Crude oil price is under selling pressure as the market digests concerns over possible oversupply in 2026 and the US-Ukraine deal under works. While investors remain sceptical on whether the peace deal will go through, it has impacted the market sentiment and prices. The end of the Russia-Ukraine war would remove the geopolitical risk premium that has been offering support to crude oil prices.

At the time of writing, the benchmark for global crude oil price, Brent, was trading at $61.83 per barrel after bouncing off the one-month low hit earlier in the session.
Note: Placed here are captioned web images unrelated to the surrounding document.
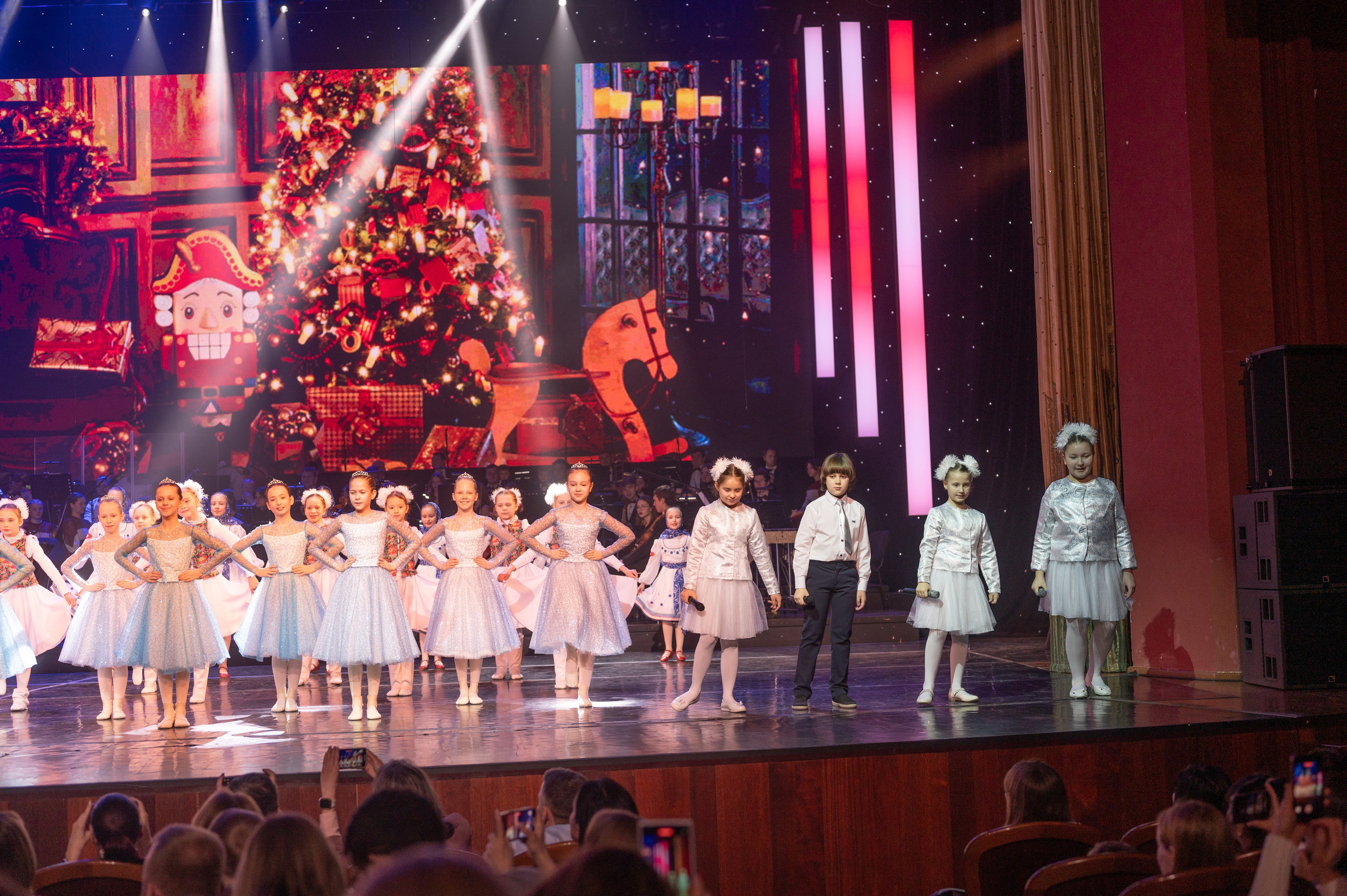 Отчетный концерт ДШИ «Гармония» «Зимняя гармония». Фотограф новорожденных, семейный детский в Тюмени Татьяна Морозова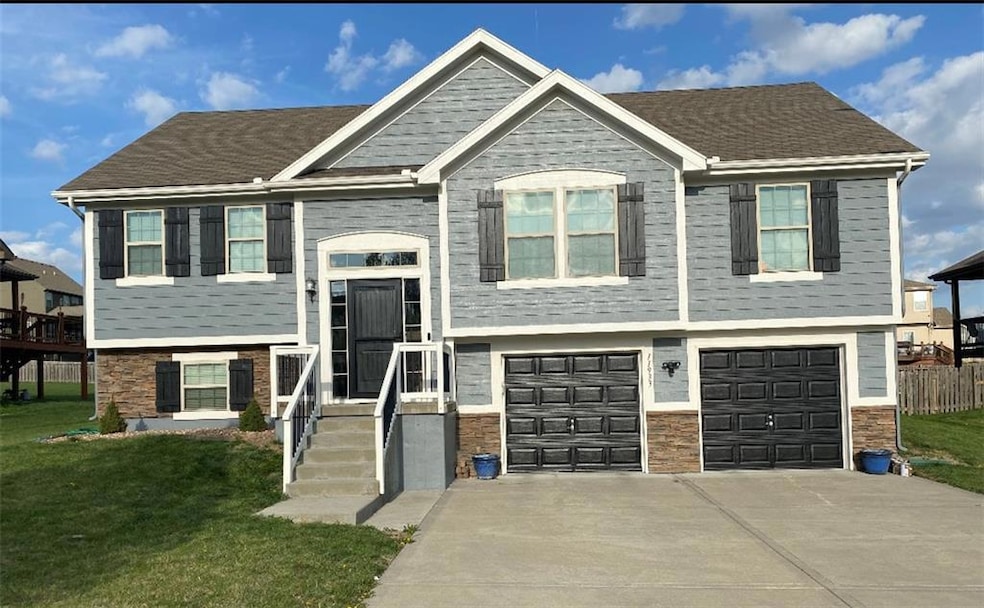 11933 N Forest Ave, Kansas City, MO 64155 - photo 1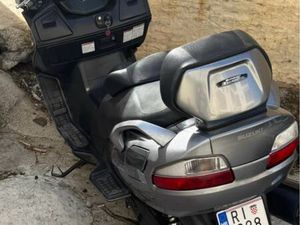 SUZUKI BURGMAN 650 CM3 EXECUTIVE, 2006 GOD.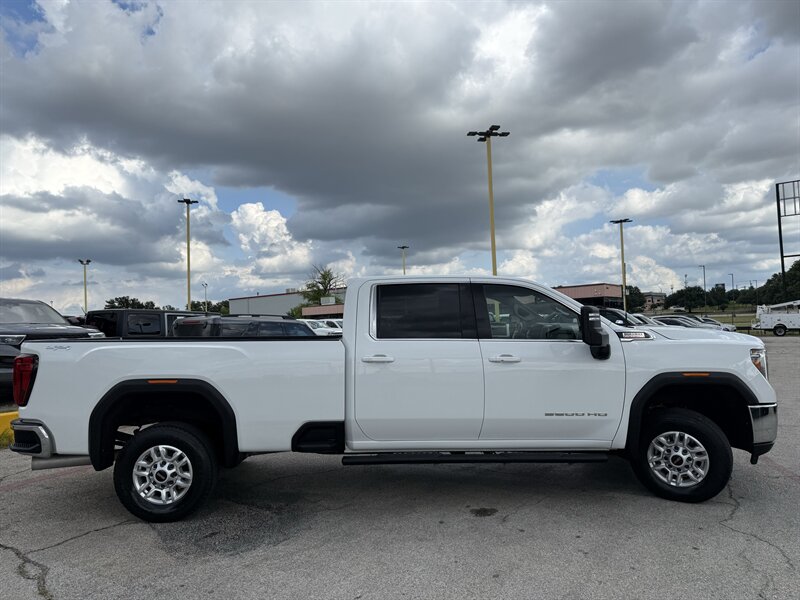 2022 GMC Sierra 2500HD SLE - Photo 4 - Arlington, TX 76011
At the same time, WTI futures remained close to the one-month low hit late last week at $57.89.


Oil market readies for 2026
 

Bears in the crude oil market remain in control as investors digest the looming supply glut. Despite the expected demand growth, experts expect a significant surplus in 2026. 

For instance, the Bank of America expects Brent and WTI crude oil prices to average at $60 and $57 per barrel in 2026 respectively. The pricing is based on its forecast that oil demand may rise by 1 million barrels per day (bpd) in the coming year. At the same time, OPEC+ will be striving to increase its market share while the non-OPEC+ supply surges by 0.8 million bpd. The result is a supply/demand imbalance defined by a surplus of about 2 million bpd.    

Notably, the expected surplus matches Goldman Sachs forecast released about a week ago. However, the International Energy Agency (IEA) expects an even larger surplus of 4.09 million bpd. 

In addition to the looming supply glut, investors are also eyeing the possibility of a peace deal to end the Russia-Ukraine war. Following the US-proposed plan in Geneva, the US and Ukraine negotiators have hinted at “big progress” in ending the war. An agreement to end the conflict would remove the priced-in geopolitical risk premium.

However, investors remain somewhat sceptical over the deal. In past attempts, Russia and Ukraine have failed to agree on the details of a peace deal. Besides, the latest restrictions on Russian oil companies, Lukoil and Rosneft may not be as effective as intended. Following the deadline, India’s refiners are taking advantage of Russia’s Urals crude availed at its cheapest price in two years through non-sanctioned dealers.  


US crude oil price technical analysis
 

crude oil price

WTI crude oil chart | Source: TradingView
 

WTI oil price began the new week on its back foot; trading close to the one-month low hit late last week at $57.36. At the time of writing, the US oil benchmark was at $57.89. 

A look at its daily chart shows the asset trading below the 25-day EMA; an indication that it will likely remain under selling pressure in the ensuing sessions. More specifically, the tight range between $57.36 and $58.54 will be worth watching. 

Beyond that range, the bears will have a chance to pull crude oil price lower to a fresh one-month low at $56.37. On the flip side, the possible rebound will likely face resistance along the 25-day EMA at $59.65.